Offshore Europe will take place at the new P&J Live at Teca in Dyce, which Mr Marshall described as “second to none”.
He said: “I’ve been all over the world at oil and gas exhibitions and this stands up very well compared to anything else the global market has to offer.
“Offshore Europe is a tremendously important show for Aberdeen and a venue like this is a game changer for the show itself and the people that work in our industry.”
Aberdeen – Energy capital of Europe?
An “energy transition hub” will be one of several new features for the event being hosted at the £333m venue.
The hub will act as a dedicated space to showcase the work being done to move the industry to lower carbon emissions.

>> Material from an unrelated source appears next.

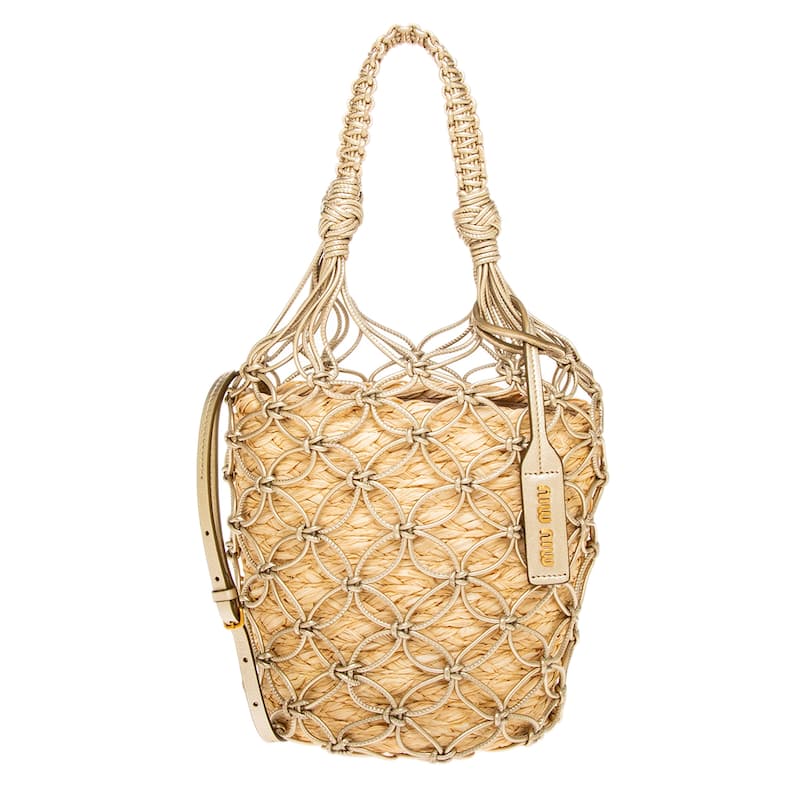 Miu Miu Leather and Raffia Bucket Bag - Natural and Platinum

Operating companies like Total and BP are partners in project, along with industry bodies like Oil and Gas UK and a series of service firms such as Wood and Worley.
It comes as Aberdeen aims to position itself not only as Europe’s oil and gas capital, but the frontrunner for developing wider energy sources.
Mr Marshall said the building blocks are there, with the city positioning itself as a world leader in hydrogen power, having decades of engineering skills which can transfer to renewables, and the presence of “top tier” offshore wind developers in the city.
He added: “You have many decades-worth of skills, competencies and supply chain capabilities to switch from a 100% hydrocarbons-based city to one which combines hydrocarbons in a greater, more flexible energy portfolio.
“I think all the building blocks are in place. Is it there yet? No, it’s a process. These things take time to set in place but Aberdeen is the obvious choice for development and leadership on renewable technologies.”
This year’s Offshore Europe will also include a start-up village organised by the Oil and Gas Technology Centre and Elevator, and an expanded Late Life and Decommissioning Zone.
A dedicated forum on how to raise finance for oil and gas projects will take place including speakers such as industry stalwart Sir Ian Wood.
The conference will play host to an “ENGenious” zone following last year’s namesake event which focused on new innovations in robotics, data analytics and other new technologies.
Return of activity
Visitor numbers at this year’s event will top that of 2017, according to Offshore Europe’s new director.
Simon Marshall said around 36,000 people are expected to attend, which he described as being in a “good place” and “on par with how the global oil and gas exhibition industry has been responding”.
Meanwhile he said the economic impact will be measured in the “tens of millions” for the local economy and “many times that” in long-term benefits in new business and contracts agreed from the event.
2017’s Offshore Europe had 35,000 people in attendance, a drop of 20,000 compared to 2015 in response to the global oil downturn.
Mr Marshall said this year’s event reflects a return of activity for the North Sea.
He added: “There was a downturn, but after every downturn there is a bounce back and we certainly feel that.
“We’re expecting it to track up on 2017, it’s not going to be 10,000 up, nobody would believe that, but it’s on par with how the global oil and gas exhibition industry has been responding.
“I think you have to put it in the context of how other shows in the US and Middle East, etc. have been impacted.
“Exhibitions are one of these types of businesses that are responsive to market conditions. We’re not immune to that.
“There’s a lot of new activity and new stuff to occupy the interest of the visitors. We’re in a good place.”